WASHINGTON (CN) - The Every Child Achieves Act, which includes several provisions of the No Child Left Behind Act passed under the Bush administration, passed the U.S. Senate on Thursday with bipartisan support.

Passed 81-17 after just over one week of debate, the bill would give to the states some of the federally controlled powers contained in the 2001 No Child Left Behind Act, and would allow states to determine how to weigh federally mandated tests when evaluating the success of their schools.

"This is a complicated piece of legislation," Sen. Lamar Alexander, R-Tenn., said after the vote. "There are crocodiles at every corner."

Alexander, a co-sponsor of the bill, has praised the bipartisan support for the bill since it came to the Senate floor last Tuesday, emphasizing that it came through the Health Labor and Pensions committee without objection.

"The way you govern a complex society is by consensus," Alexander said on the floor after the vote.

While the bill has support in both parties and from many different parts of the country, its opponents are similarly diverse.

Republicans made up the 15 of the 17 votes against the bill, while Democrats Elizabeth Warren of Massachusetts and Cory Booker of New Jersey joined Republican presidential hopefuls Ted Cruz, Marco Rubio and Rand Paul in entering no votes for the legislation.

Though his Republican colleagues claim that the bill does not go far enough to change the system No Child Left Behind created, Alexander encouraged them to vote for the bill.

"This gives us about 80 percent of what we want," Alexander said on the floor before the bill, invoking Ronald Reagan's opinion that agreeing with someone 80 percent of the time makes that person an ally.

Sen. Patty Murray, a Washington Democrat who co-sponsored the legislation, expressed a similar sentiment, promising to work to improve the bill during conference committee, especially with regard to safeguards against inequalities in schools.

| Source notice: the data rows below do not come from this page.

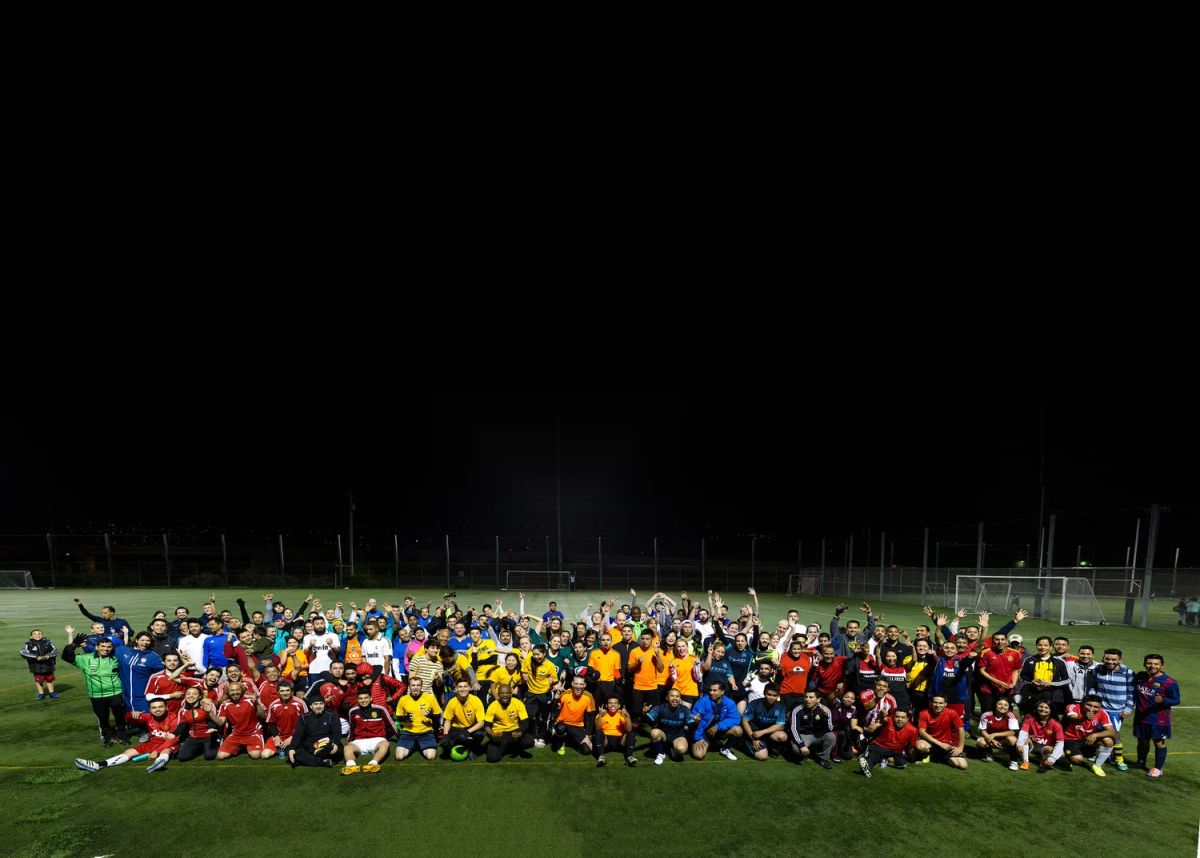 Bay Area Adult Soccer League photo 1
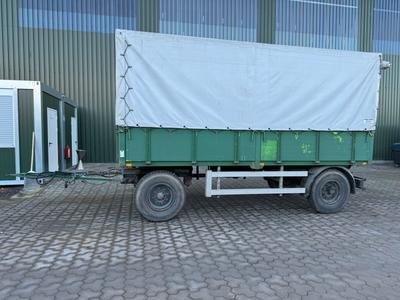 Chariot de Chasse & Transport Lampferhoff – 8 Tonnes (Occasion Rare) – Image 12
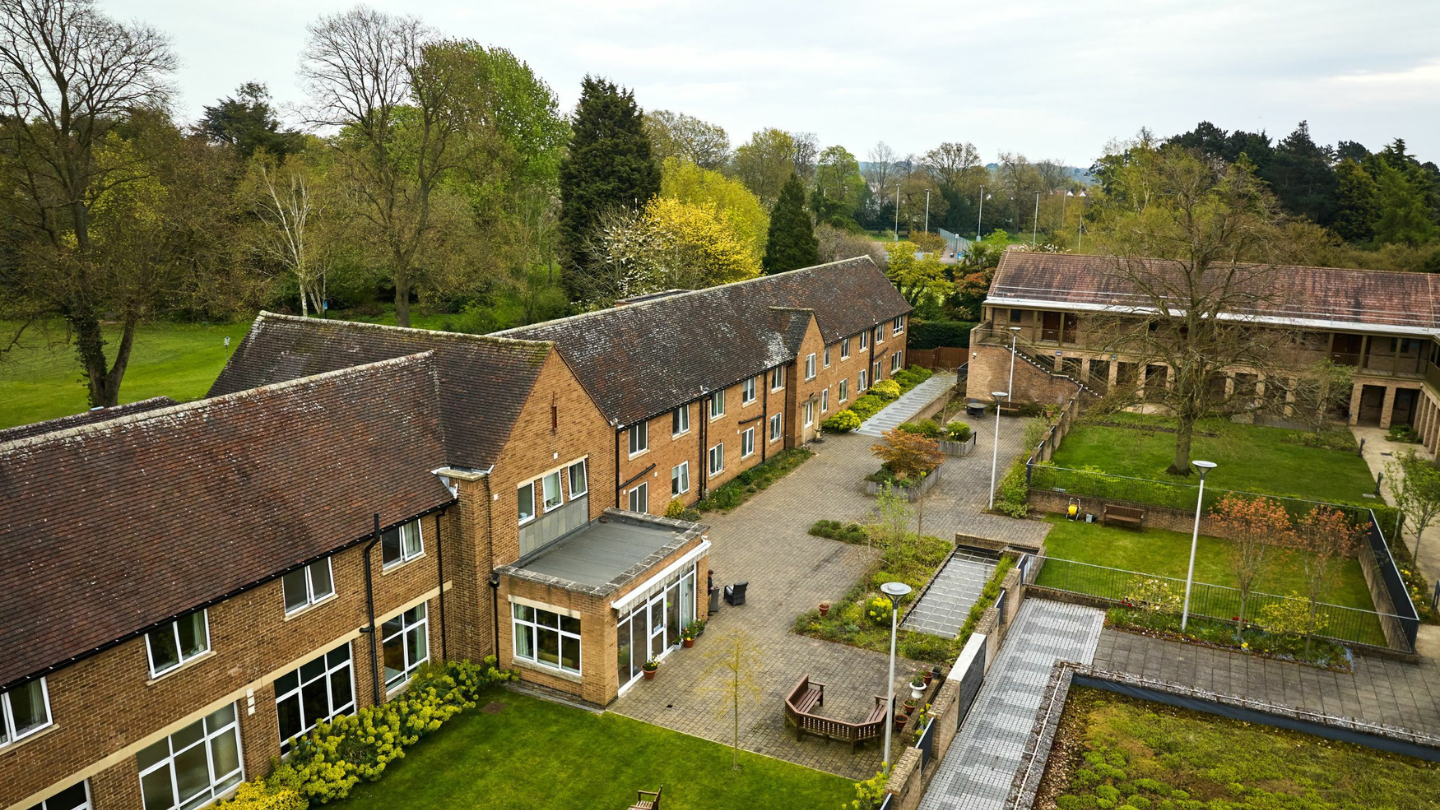 Evington Home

Murray also criticized the House of Representatives' education bill, the Student Success Act, calling it an "unacceptable partisan path" to changing the No Child Left Behind Act.

On the floor after the vote, Alexander spoke highly of the Senate's place in government and of the importance of bipartisan legislation such as his bill.

"Our job is to take all the different points of view and consult with each other to see if we can make a consensus," he said.

The bill will now go to conference committee to be reconciled with the Student Success Act, which the House of Representatives passed on July 8.

The final bill would then have a path to President Barack Obama's desk. Before the Every Child Achieves Act went up for debate, the Hill reported that a spokesman for the White House said the president did not support either house of Congress' education bill.